# Igor Livits?



## Clash77 (Dec 14, 2006)

Has anyone here worked out with Igor Livits before?I have heard that he
teaches Rukopashnii Boi classes in Colorado.Seems that his approach is
harder style of Systema,from what information I have gathered.Just curious if anyone has experienced this style and their impression of the work?

Regards,Dan


----------



## erich (Dec 15, 2006)

somebody asked this back in April.  Here is the thread:

http://www.martialtalk.com/forum/showthread.php?t=32761

I had some brief opportunity to work with him in 2000.  He is a very good martial artist, at that time his style was definately "harder" than systema, rb/combat sambo stuff.  I don't know what he has been up to in the intervening 6yrs...  getting... older...


----------



## Clash77 (Dec 16, 2006)

Erich,

Thanks for the reply and the info.I was curious what his approach was to
hand to hand combat. I have read a little about what he taugh,
mostly what I read was that his style was harder than systema.

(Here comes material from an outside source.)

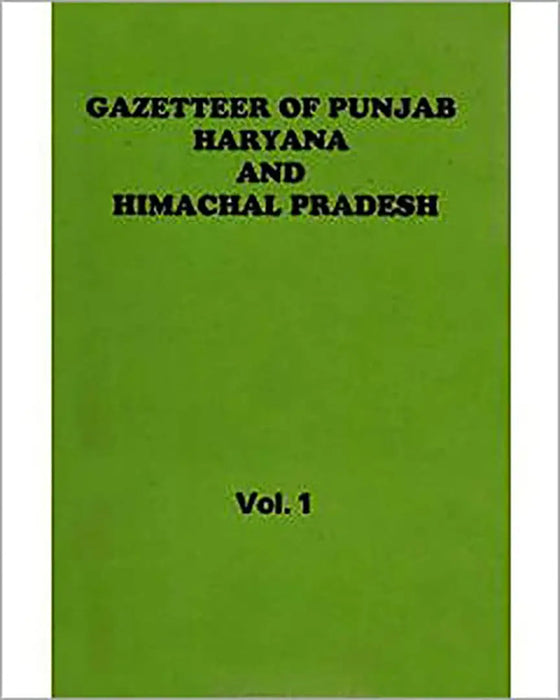 Gazetteer Of Punjab Haryana And Himachal Pradesh  (MULTI VOL SET-2 Vols.)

In training with him,did his work relate with systema concepts,or was the
approach completely different?Very little info out there about this work,
just very interested in how the two relate. Thanks again for the information.

Regards,Dan


----------



## erich (Dec 28, 2006)

His approach at that time was quite different from systema.  Very hard, aggressive and physical but with smooth quality sambo elements for throws, locks, restraints and ground work.

That said, I met him at a systema seminar.  I don't know how much systema he has practiced in the meantime.  He is talented and his style is certain to have developed since 2000.


----------